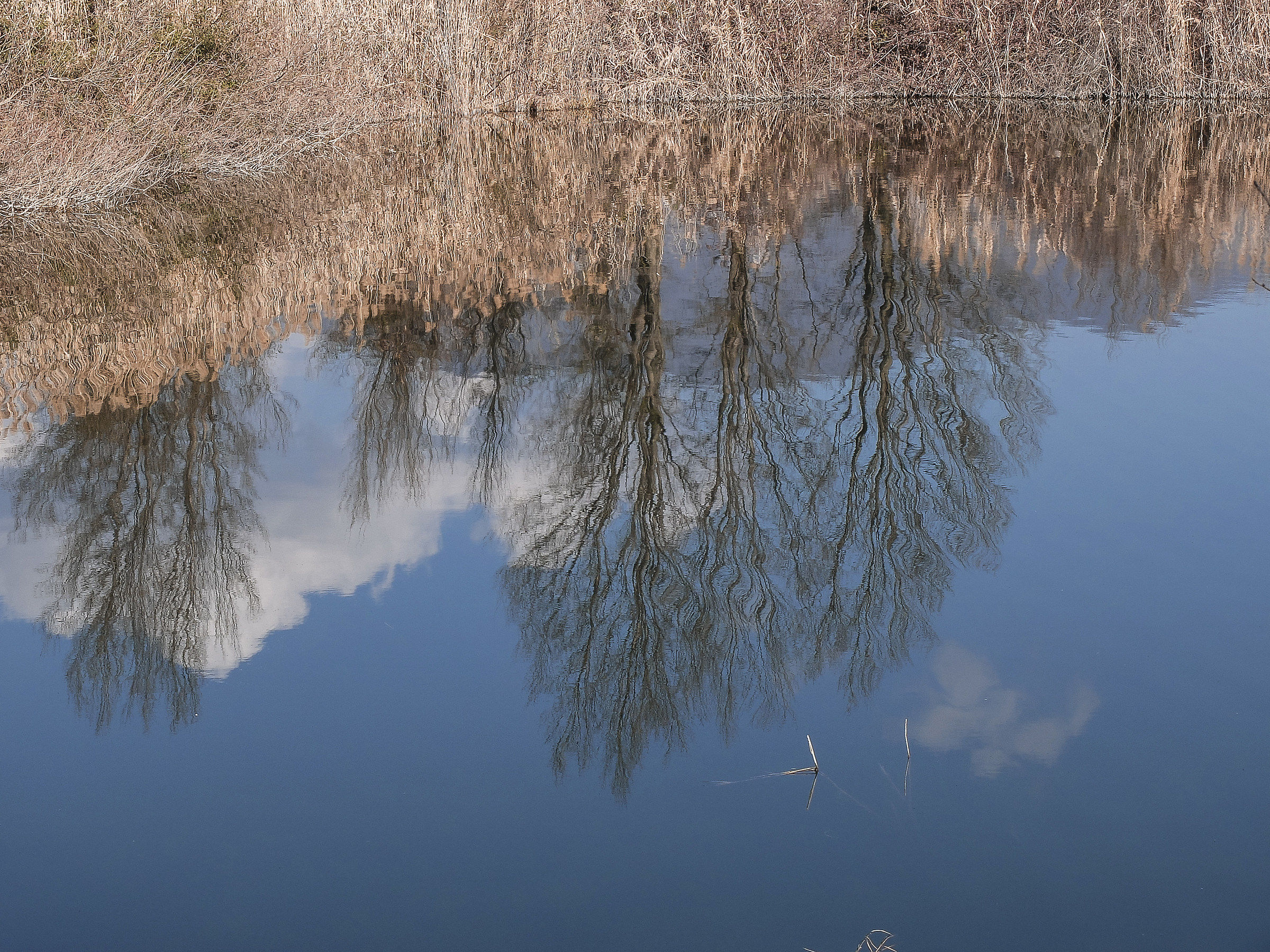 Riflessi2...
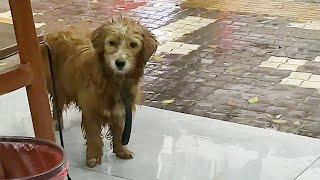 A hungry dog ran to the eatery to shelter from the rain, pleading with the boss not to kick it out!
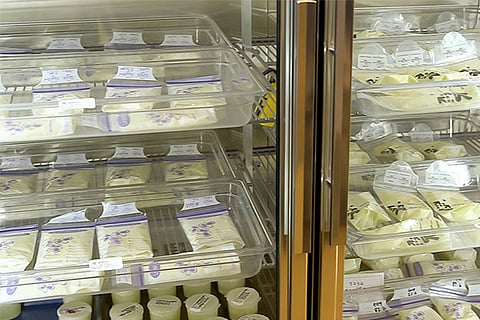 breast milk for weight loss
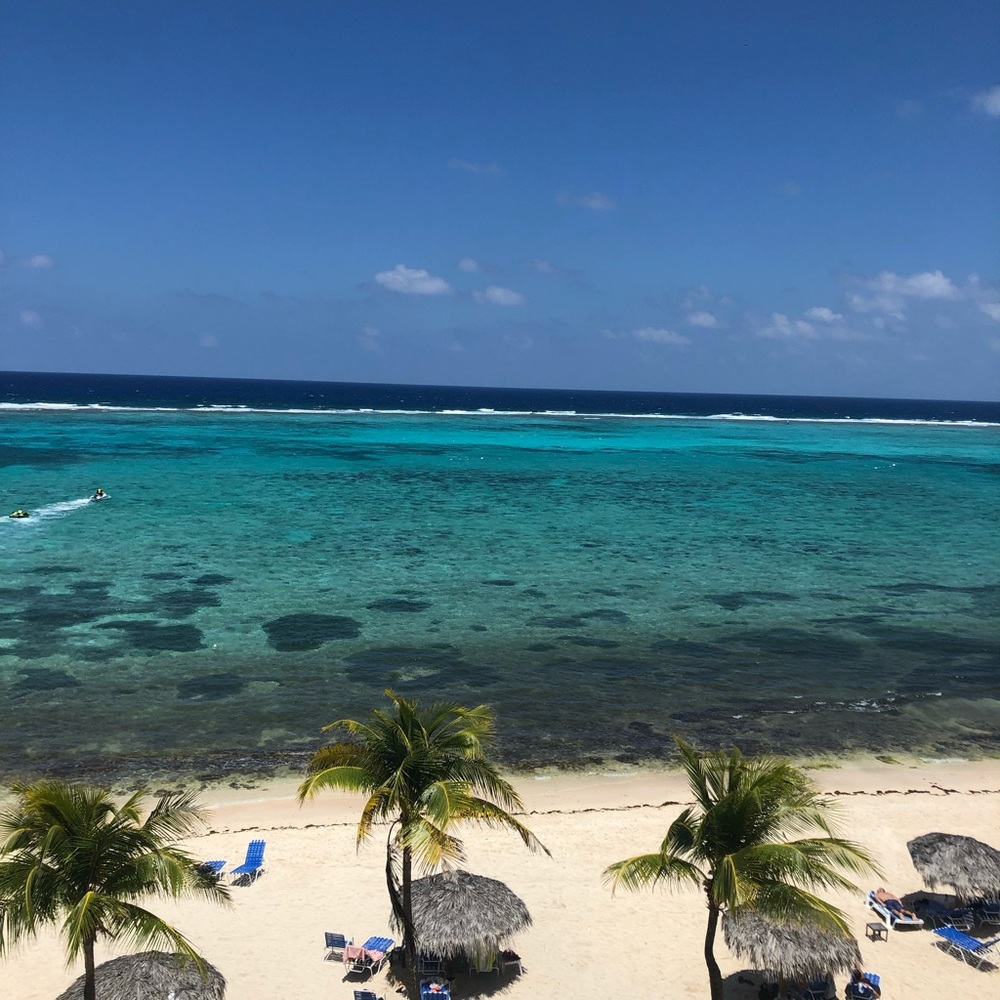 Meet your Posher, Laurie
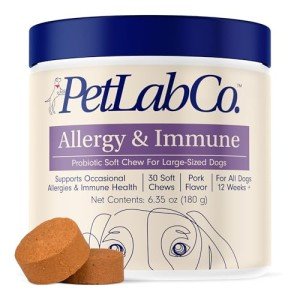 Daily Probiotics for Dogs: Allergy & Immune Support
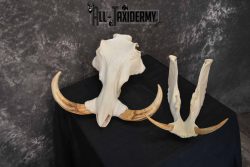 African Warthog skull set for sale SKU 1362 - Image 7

----

> About this exercise
Keep the pictures out and transcribe the listing exactly.

> Solution to this task
 Riflessi2...
 A hungry dog ran to the eatery to shelter from the rain, pleading with the boss not to kick it out!
 breast milk for weight loss
 Meet your Posher, Laurie
 Daily Probiotics for Dogs: Allergy & Immune Support
 African Warthog skull set for sale SKU 1362 - Image 7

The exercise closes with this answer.